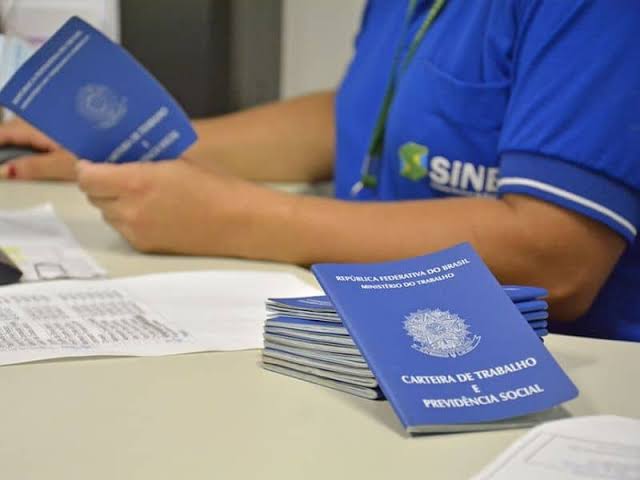 Oportunidade: mais de 200 vagas de emprego estão sendo ofertadas nesta quinta-feira (4)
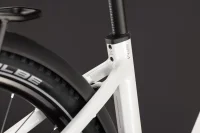 Elektrokolo CUBE NURIDE HYBRID PERFORMANCE 720 EASY ENTRY METALLICWHITE´N´GREY 2027 sedlovka Elektrokolo CUBE NURIDE HYBRID PERFORMANCE 720 EASY ENTRY METALLICWHITE´N´GREY 2027 sedlovka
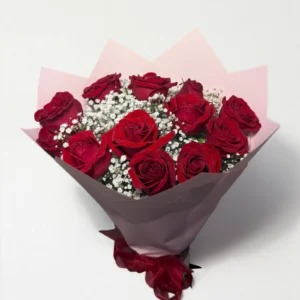 Ramo de 12 rosas rojas con follaje envueltas en papel coreano coreano con moño rojo.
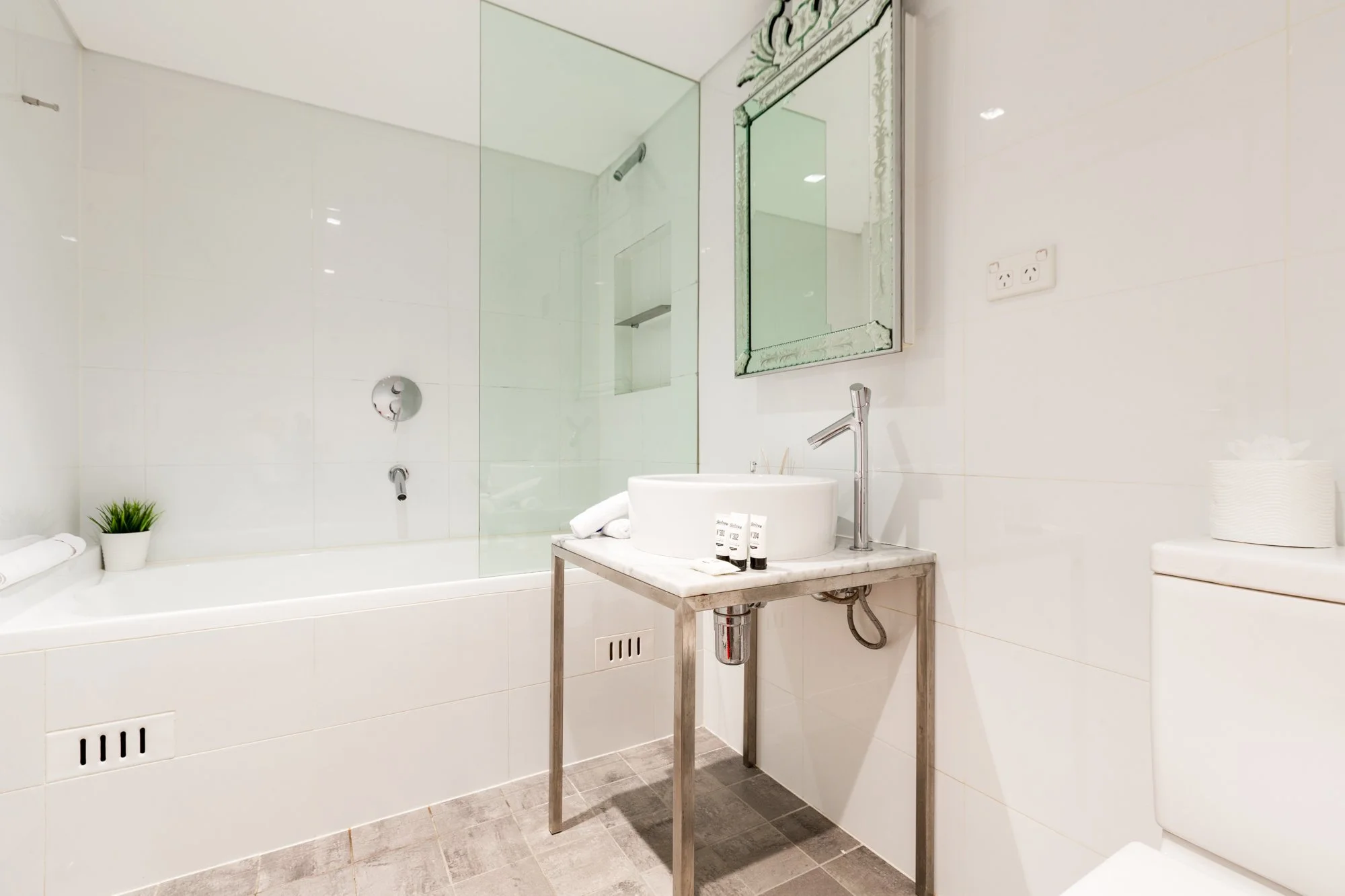 106-148 Golburn St - Surry Hills-5.JPG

__Your goal__:
Your answer must be only the lines from the one that holds "2027 sedlovka Elektrokolo" to the end of the listing, each restated word for word, with both ends kept and pictures left out.

__Response__:
 Elektrokolo CUBE NURIDE HYBRID PERFORMANCE 720 EASY ENTRY METALLICWHITE´N´GREY 2027 sedlovka Elektrokolo CUBE NURIDE HYBRID PERFORMANCE 720 EASY ENTRY METALLICWHITE´N´GREY 2027 sedlovka
 Ramo de 12 rosas rojas con follaje envueltas en papel coreano coreano con moño rojo.
 106-148 Golburn St - Surry Hills-5.JPG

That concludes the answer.